Через минуту мое внимание было привлечено к какому-то странному событию, которое начало происходить на рукаве моего халата, висевшего на двери спальни. Присмотревшись, я понял, что там происходит миниатюрное, но выписанное в микроскопических деталях сражение. Я видел разноцветные шатры, над самым большим из них развевался королевский штандарт. Я видел лошадей в пестрых попонах, сидевших в седлах воинов в сверкающих латах, видел лучников. На краю поля стояли трубачи, прижимавшие к губам серебряные трубы. Спустя мгновение я услышал и пение труб. Я видел тысячи солдат двух армий, готовых сойтись на поле брани. Я потерял всякое представление о месте и времени, вся Вселенная сосредоточилась на крошечном пятнышке на рукаве халата. Я забыл, что лежу в своей кровати, что я в Лондоне, что на дворе 1965 год. До того как впрыснуть себе морфий, я читал Фруассара: «Хроники» и «Генрих V», – и теперь сюжеты книг стали содержанием моей галлюцинации. Я понял, что то, что я вижу с высоты птичьего полета, было не чем иным, как Азенкуром в 1415 году, что я смотрю на выстроенные в боевые порядки английскую и французскую армии, готовые к сражению. В большом шатре находился король Генрих V. У меня не было ощущения, что я стал жертвой галлюцинации. Пейзаж был настоящим.

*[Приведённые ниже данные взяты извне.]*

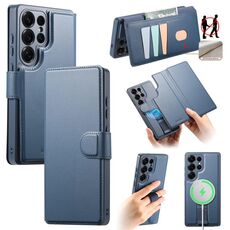 Per Samsung Galaxy S25 Ultra 5G CaseNeo Finger Grip Strap MagSafe Custodia in pelle per telefono (blu)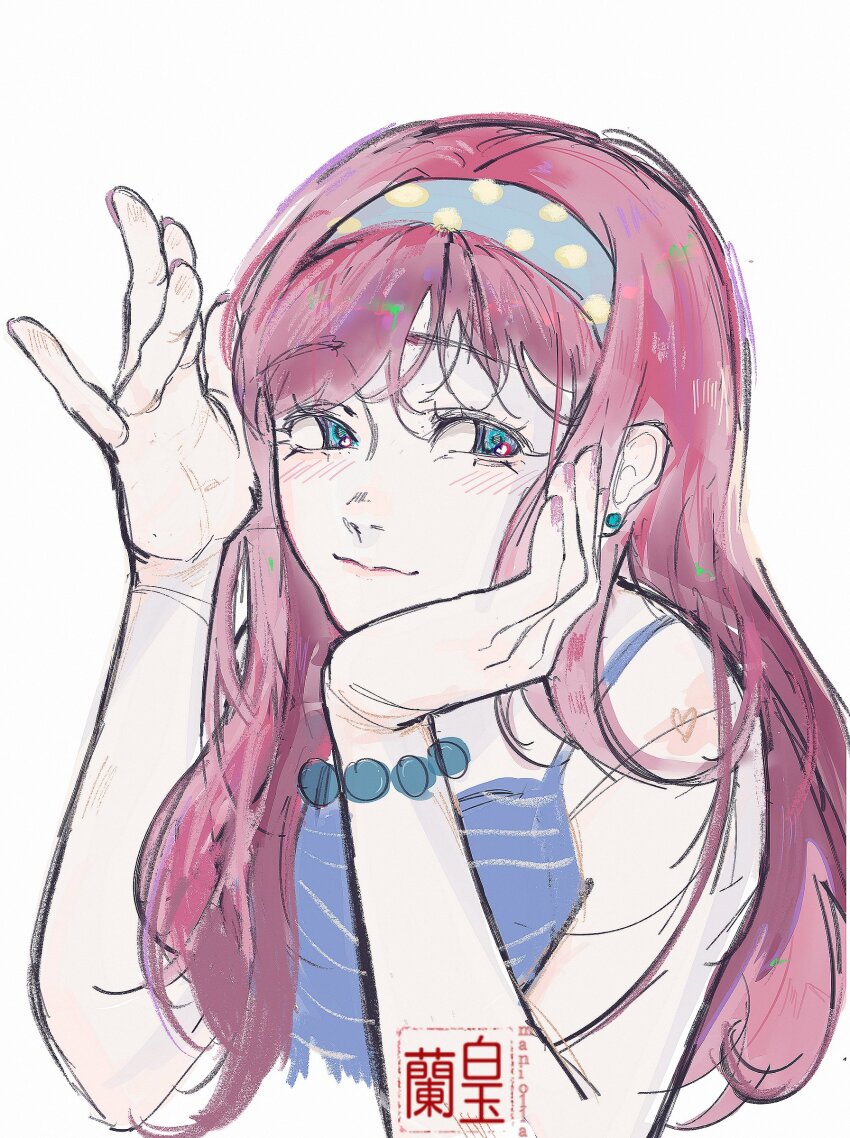 1girl absurdres alternate_costume aubrey_(faraway)_(omori) aubrey_(omori) bare_arms bare_shoulders bead_bracelet beads blue_camisole blue_eyes blue_hairband blush bracelet camisole closed_mouth commentary cropped_torso earrings film_grain hair_between_eyes hair_over_shoulder hairband hand_on_own_cheek hand_on_own_face hands_up heart heart_in_eye highres jewelry long_hair looking_at_viewer manio11a nail_polish omori pale_skin pink_hair pink_nails polka_dot_hairband raised_eyebrows sideways_glance simple_background smile solo stud_earrings symbol-only_commentary symbol_in_eye two-tone_hairband watermark waving white_background yellow_hairband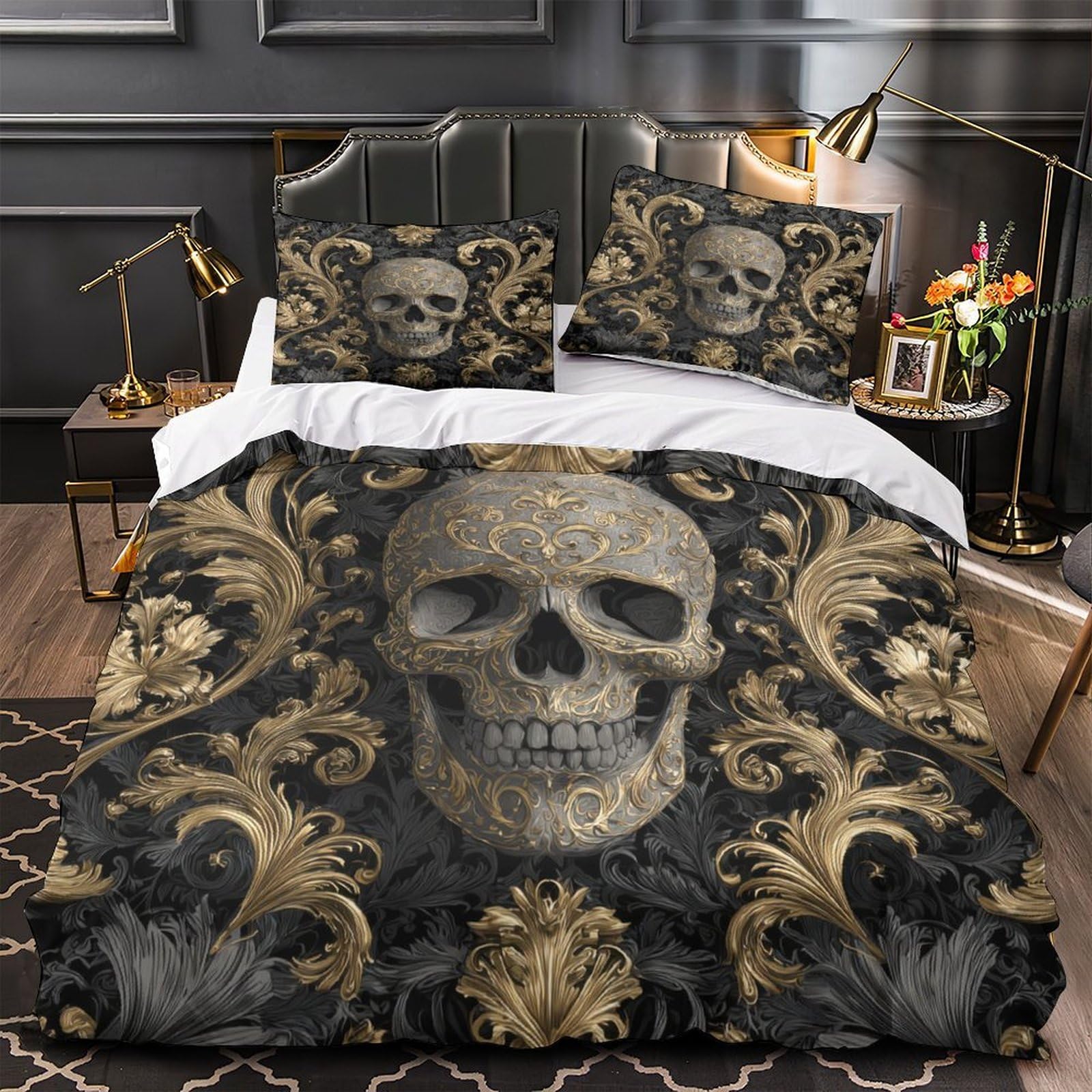 Housse de couette crâne hypoallergénique microfibre ultra douce fermeture éclair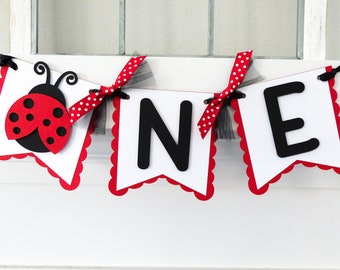 Ladybug High Chair Banner, Ladybug Party Decor, Highchair Garland, Little Ladybug First Birthday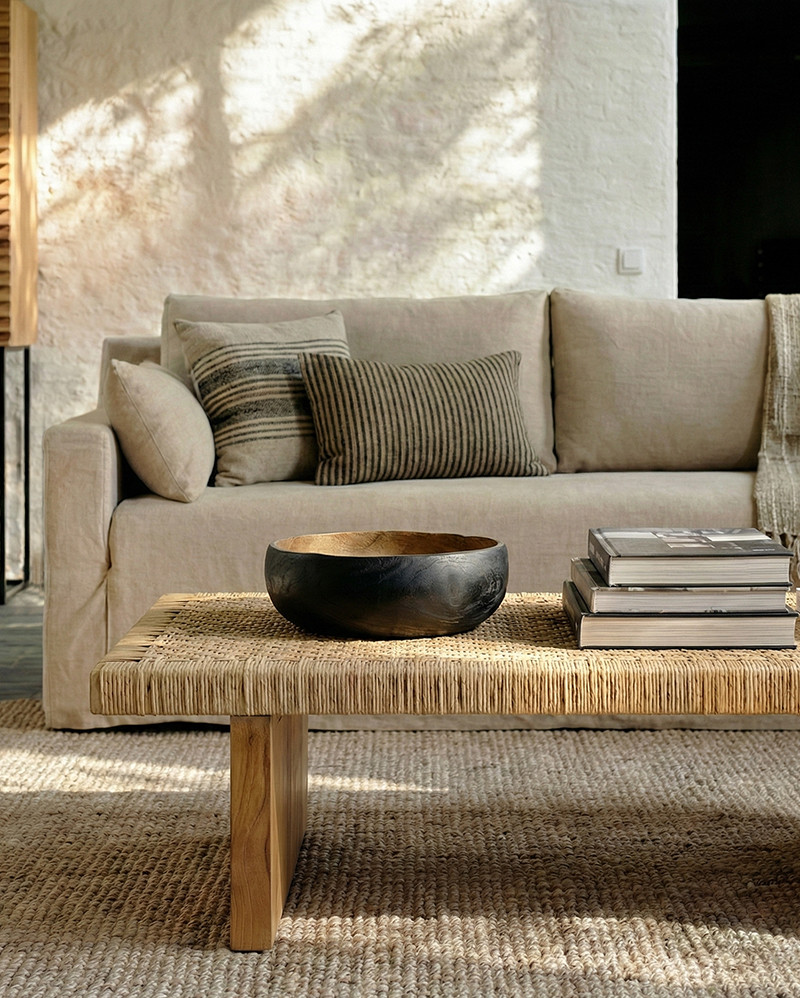 Sofá BEETHOVEN LINEAL 2P de lino 182 x 95 x 94 cm en color natural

Через некоторое время образ начал тускнеть и до меня постепенно и смутно стало доходить, что я в Лондоне, лежу в полном оцепенении на кровати и смотрю на воображаемый Азенкур, уместившийся на рукаве моего халата. Это было завораживающее и восхитительное зрелище, но теперь оно закончилось. Действие морфина прошло быстро. Поле при Азенкуре быстро тускнело и исчезало. Я посмотрел на часы. Инъекция морфина была сделана в девять тридцать, а теперь было десять часов. Правда, мною тут же овладело сомнение. Я сделал инъекцию в сумерках – значит, должно было стать темнее, но на самом деле на улице было совсем светло и становилось еще светлее. Однако часы упрямо показывали десять. Выходит, уже наступило утро, и я, неподвижно лежа в кровати, двенадцать часов созерцал битву при Азенкуре. Это потрясло и отрезвило меня, заставило понять, что можно провести дни, ночи, месяцы и годы в таком опиумном ступоре. Я поклялся, что этот первый опыт введения морфина станет последним.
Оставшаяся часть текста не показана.